The explanation comes at the behest of a U.S. District Court as part of a ruling on a suit in which the National Association of Convenience Stores claimed that, among other things, the Fed used flawed methodology to calculate the fee limit.
According to its eight-page explanation issued yesterday, the Fed is standing by its math.
At the heart of the controversy is the Durbin Amendment's cost-recovery approach to setting the debit interchange cap. It allows the Fed to set interchange fees that are "reasonable and proportional to the cost incurred by the issuer with respect to the transaction." Financial institutions with less than $10 billion in assets are exempt.
Former Fed Chairman Ben Bernanke originally proposed a $0.12 cap in 2010. Today, the fee structure has two components: The standard interchange fee of $0.21 plus $0.05%, and a fraud-prevention adjustment of $0.01 that issuers may receive if they adopt certain activities such as research and development of new fraud-deterrence technologies, card reissuance due to fraudulent activity, data security and card activation.
That two-part structure created a big issue in the NACS case regarding how to classify transaction-monitoring fees. The NACS argued those costs, which issuers incur during authorization to detect fraud or other irregularities, shouldn't be part of the math used to determine the standard interchange fee, because they're actually fraud-prevention tools and aren't specific to particular debit transactions. Though the NACS ultimately lost the case, the court asked the Federal Reserve Board to explain its thought process.
On Monday, the Secretary of the Board Robert DeV. Frierson defended the Fed's position.
"Transactions-monitoring systems, such as neural networks and fraud-risk scoring systems, assist in the authorization process by providing information needed by the issuer in deciding whether the issuer should authorize the transaction before the issuer decides to approve or decline the transaction," Frierson wrote. "In fact, most costs of the authorization process (which are costs Congress required to be considered in determining the interchange fee) assist in preventing some type of fraud."
"Because the statute requires the board to consider incremental authorization costs in setting the interchange fee standard," Frierson added, "the board concluded that that it should consider the costs of all activities that are integral to authorization, even if those costs are also incurred for the dual purpose of helping to prevent fraud."
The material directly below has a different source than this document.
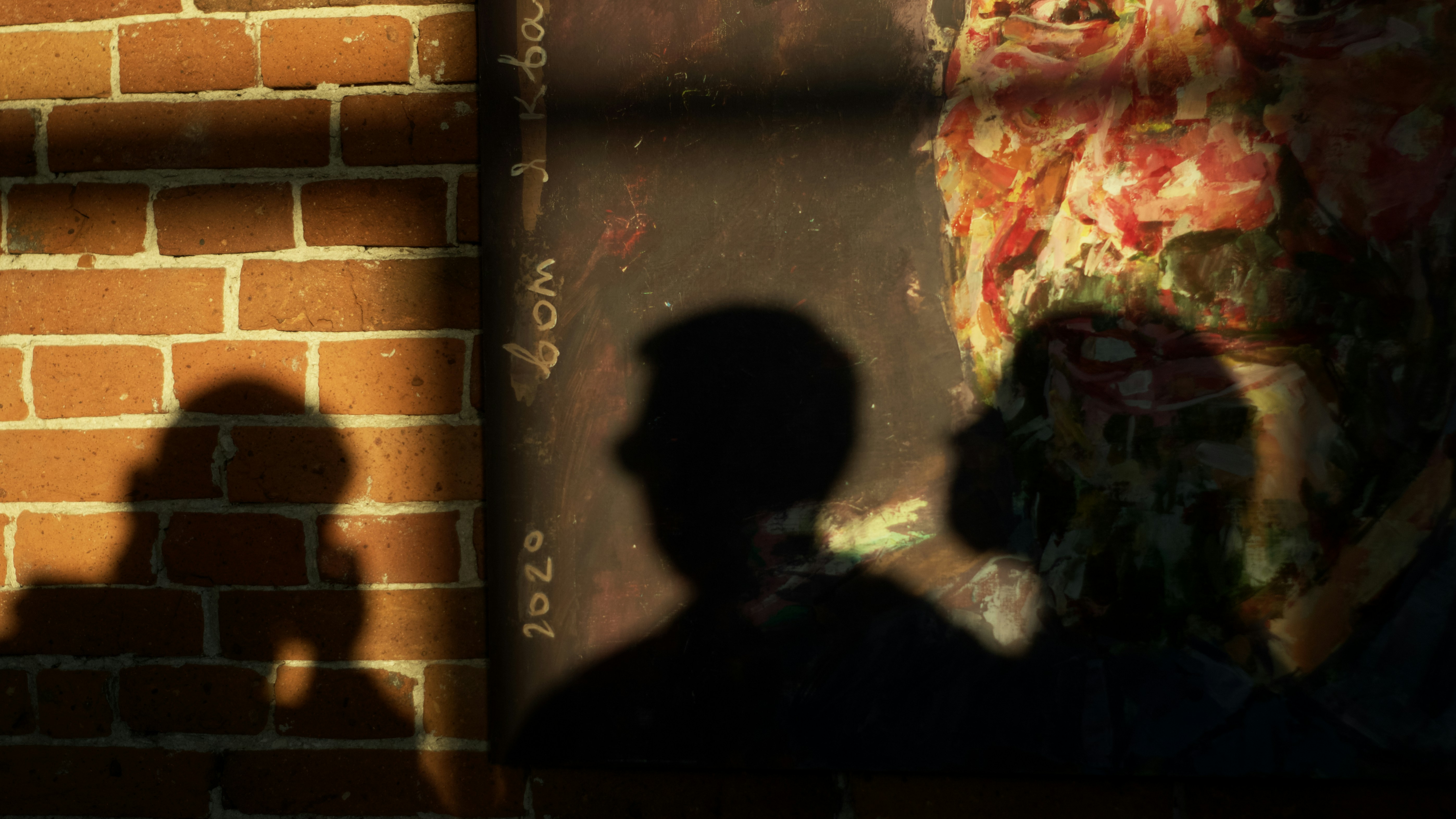 a shadow of a person standing in front of a brick wall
"The Fed likens the treatment of transaction-monitoring costs to its treatment of costs of equipment, software or labor when calculating the interchange fee standard: the board argues that, because costs of equipment, etc., are necessary to every transaction, they should be included in calculating the interchange fee standard," NAFCU said in a statement.
Ultimately, the Fed's explanation "alters nothing in the way the Fed calculates interchange costs," it added.